* Data section:
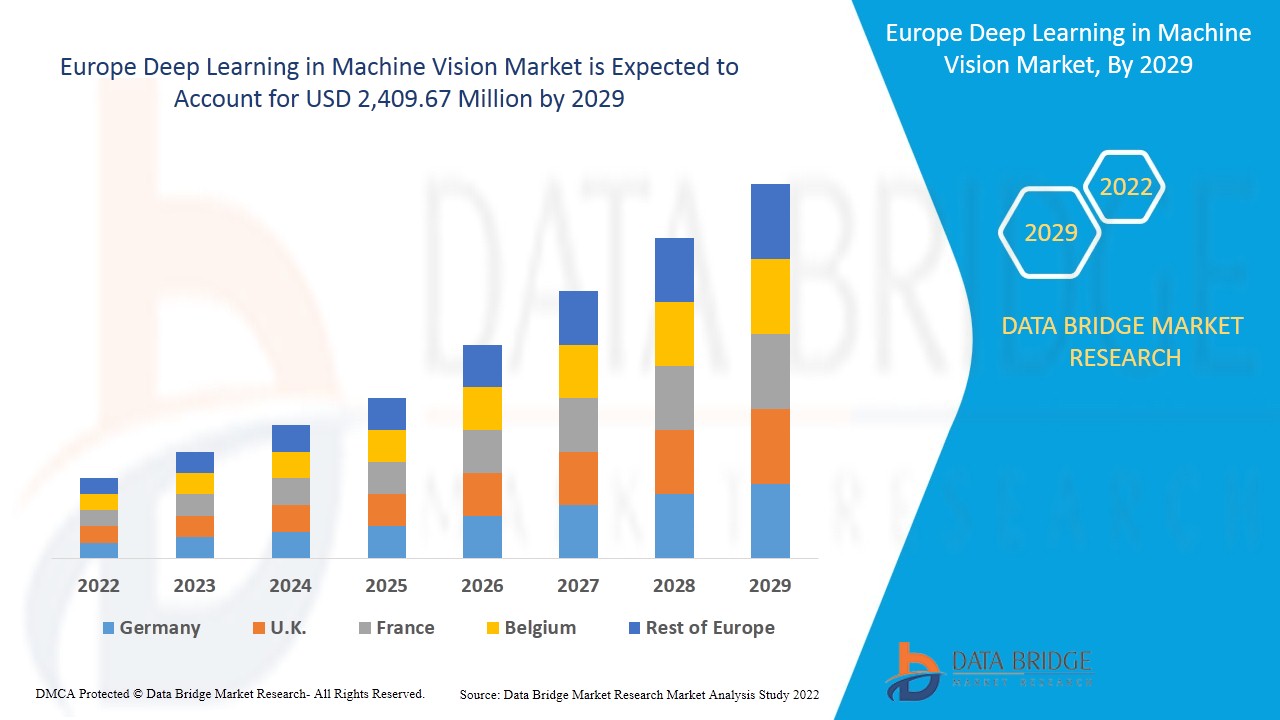 Europe Deep Learning in Machine Vision Market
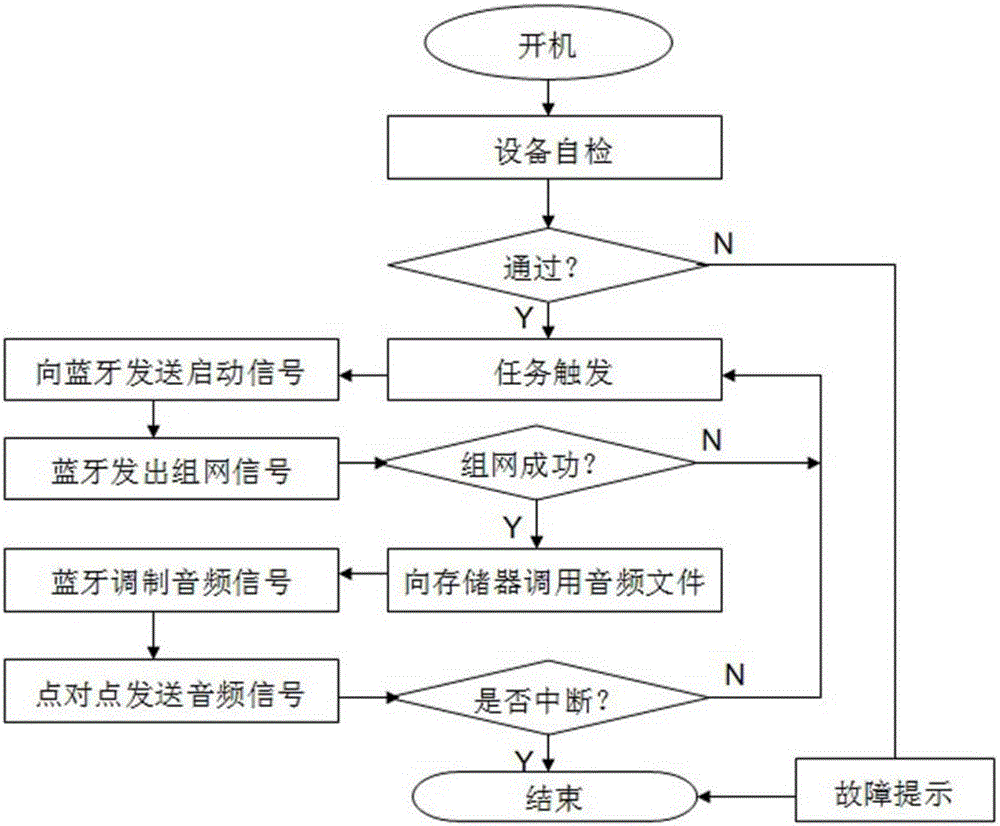 一種盲人導(dǎo)航藍(lán)牙信標(biāo)的制作方法與工藝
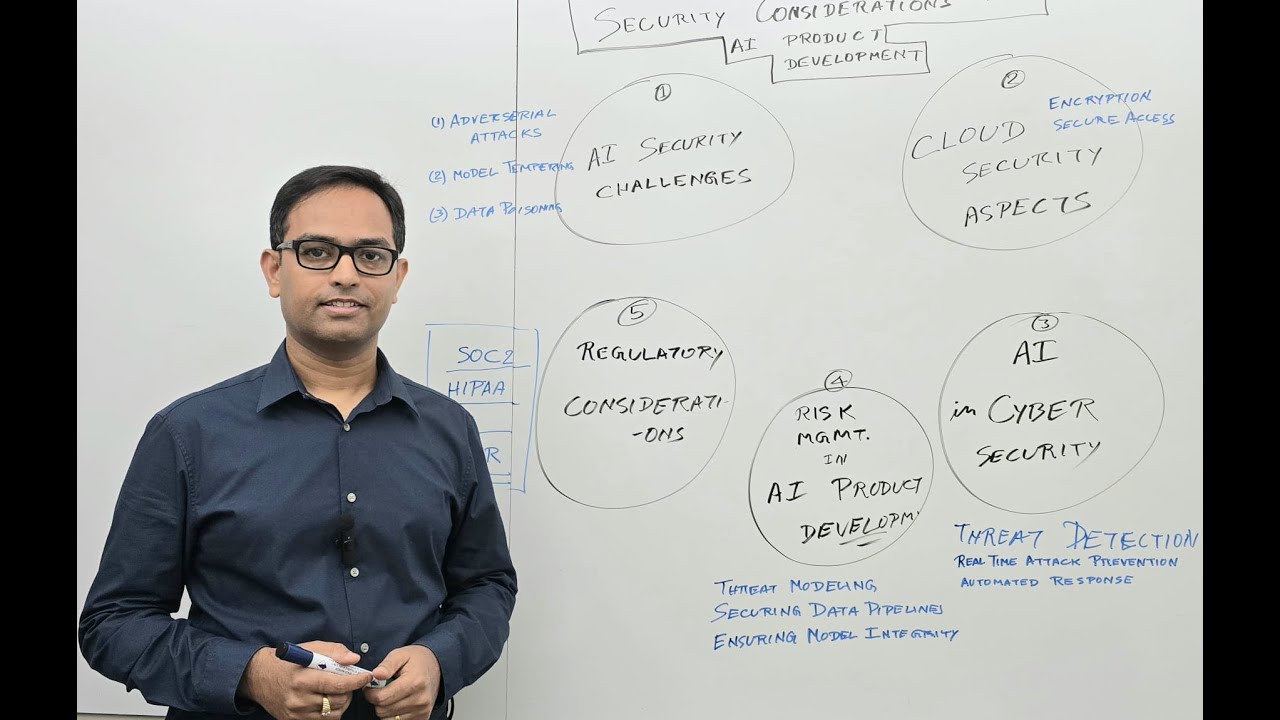 AI & Cloud Security: 5 Key Challenges Product Managers MUST Address!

* Exercise objective: Output the data above exactly. Drop every picture.

* Answer area:
 Europe Deep Learning in Machine Vision Market
 一種盲人導(dǎo)航藍(lán)牙信標(biāo)的制作方法與工藝
 AI & Cloud Security: 5 Key Challenges Product Managers MUST Address!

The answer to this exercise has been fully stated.